The court held that, based on the job to be performed, existence of insurance was relevant to the competency of the driver. Id. at 1043–44. It stated:

 

The allegations in this case strike at the heart of the competency issue in a trucking case. Unlike the claims in Mavrikidis, licensing, registration, and insurance are, under our law, the sine qua non to the transport of goods on the roadways. 4 N.J.S.A. 39:3–29. Registration, concomitant to inspection, is a method of insuring the safety of vehicles that place the public at risk and insurance is the guarantee that innocent victims of errant truckers will be compensated.
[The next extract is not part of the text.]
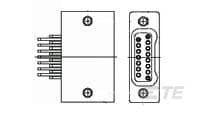 1-1589483-5, TE Connectivity
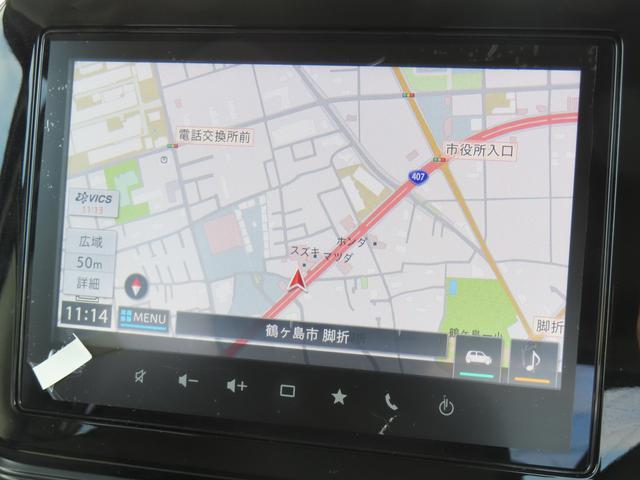 スズキ ワゴンRスマイル   埼玉県の詳細画像 その8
Thus, the core question was not whether World Carting was competent to transport BFI–NY’s loads upon public highways—it was not.

 

*13 Id. (footnote omitted).

 

In discussing BFI–NY’s duty in hiring the hauler, the Supreme Court stated that, “[a]t a minimum, BFI–NY was required to inquire whether its haulers had proper insurance and registration because without those items the hauler had no right to be on the road.” Id. at 1044. It noted that BFI–NY could not have transported products itself in unregistered and uninsured trucks, and it stated that BFI–NY similarly was not free to engage an independent contractor that did so. Id. Because the record did not contain evidence that BFI–NY inquired about the contractor’s competency to travel on the highways, id., the Supreme Court concluded that BFI–NY was not entitled to summary judgment, and the reasonableness of its inquiry into the contractor’s competency was a jury issue. Id. at 1045.

 

We find the analysis in Puckrein instructive. In Maryland, as in New Jersey, a person driving a vehicle is required to have liability insurance. See Md.Code (2012 Repl.Vol.) § 17–104 of the Transportation Article (“Transp.”) (owner of motor vehicle should maintain vehicle liability insurance or other security) FN3; Transp. § 17–107 (person who knows that a vehicle is not covered by liability insurance may not: (1) Drive the vehicle; or (2) If he is an owner of the vehicle, knowingly permit another person to drive it.). Accord Montgomery Cnty. v. Distel, 436 Md. 226, 236 (2013) (“[T]he owner of a motor vehicle registered or required to be registered in Maryland must maintain a motor vehicle insurance policy on the vehicle.”).

 

Similarly, here, as in Puckrein, Mr. Johnson was hired for the purpose of hauling materials to job sites over public highways, a job that requires liability insurance. We agree with the Supreme Court of New Jersey that, under these particular circumstances, the lack of insurance related to Mr. Johnson’s competence to transport materials on public highways. ACS employees appeared to agree that they were “not allowed to” have truck operators who did not produce insurance information “because of the nature of the work” they did. Accordingly, under the circumstances of this case, Mr. Johnson’s lack of liability insurance was relevant to whether ACS employed a competent person.

 

[5] That, however, is not the end of the inquiry. To be relevant to the claim of negligent hiring, the employer’s negligence in hiring someone with no liability insurance must be the proximate cause of Mr. Perry’s injuries. Counsel for Mr. Perry argues that the evidence supports such a finding because, if ACS had not breached its duty to check whether Mr. Johnson had insurance, it would have discovered that he did not have insurance, it would not have hired him, and the accident would not have occurred. In making this “but for” argument, counsel misapprehends the concept of proximate cause.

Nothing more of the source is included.